Key findings include the high complementarity between CNNs and ViTs, evidenced by improved recognition performance when features from these models are used collaboratively. Notably, the research notes that optimal layers for effective feature extraction in CNNs occur deeper within the networks, contrasting with ViTs where effective feature vectors emerge much earlier, often within the first third of the layers. This demonstrates a potential efficiency advantage in the early layer utilization of ViTs compared to CNNs for similar levels of abstraction and accuracy.
Numerical Results and Implications
Quantitatively, CNN and ViT combinations yield superior accuracy across various configurations.

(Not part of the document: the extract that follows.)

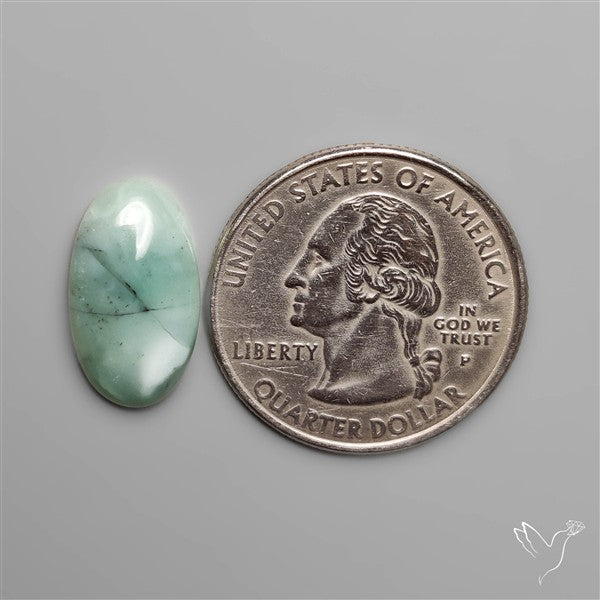 Aquaprase Cabochon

For instance, the integration of R50 CNN and base ViT achieves a competitive Equal Error Rate (EER) of 7.72%. When traditional hand-crafted features are also utilized — specifically, Local Binary Patterns (LBP), Histogram of Oriented Gradients (HOG), and Scale-Invariant Feature Transform (SIFT) — additional gains in accuracy are observed, reinforcing the paper’s assertion of feature complementarity.
Moreover, the research articulates that models like the tiny ViT, with significantly fewer parameters (around 1.33 million), manage to approach the performance of heavier CNN models (e.g., R18 with 11.7 million parameters). This indicates that larger models do not unequivocally offer a return in accuracy proportional to their complexity and hint at a growing necessity to weigh computational efficiency against brute-force model size, especially pertinent in resource-constrained environments like mobile devices.
Theoretical and Practical Implications
Practically, the paper underscores the potential of leveraging existing pre-trained models to circumvent the constraints of data scarcity, a prevalent challenge in biometrics. Theoretically, the findings propose a narrative for deep network design — emphasizing the selective utilization of network depths based on architecture type (CNN vs ViT) and application context.
Potential future developments may seek to optimize and prune these architectures further, or combine more diverse models to identify potential complementarities. This work sets a precedent for applying similar methodologies across other biometric modalities or exploring architectures besides ResNet or baseline ViTs.
In conclusion, the paper posits a strong case for repurposing existing neural network architectures beyond their initial design intents, offering a methodology and results that will resonate with researchers aiming to enhance biometric recognition systems using off-the-shelf deep learning frameworks.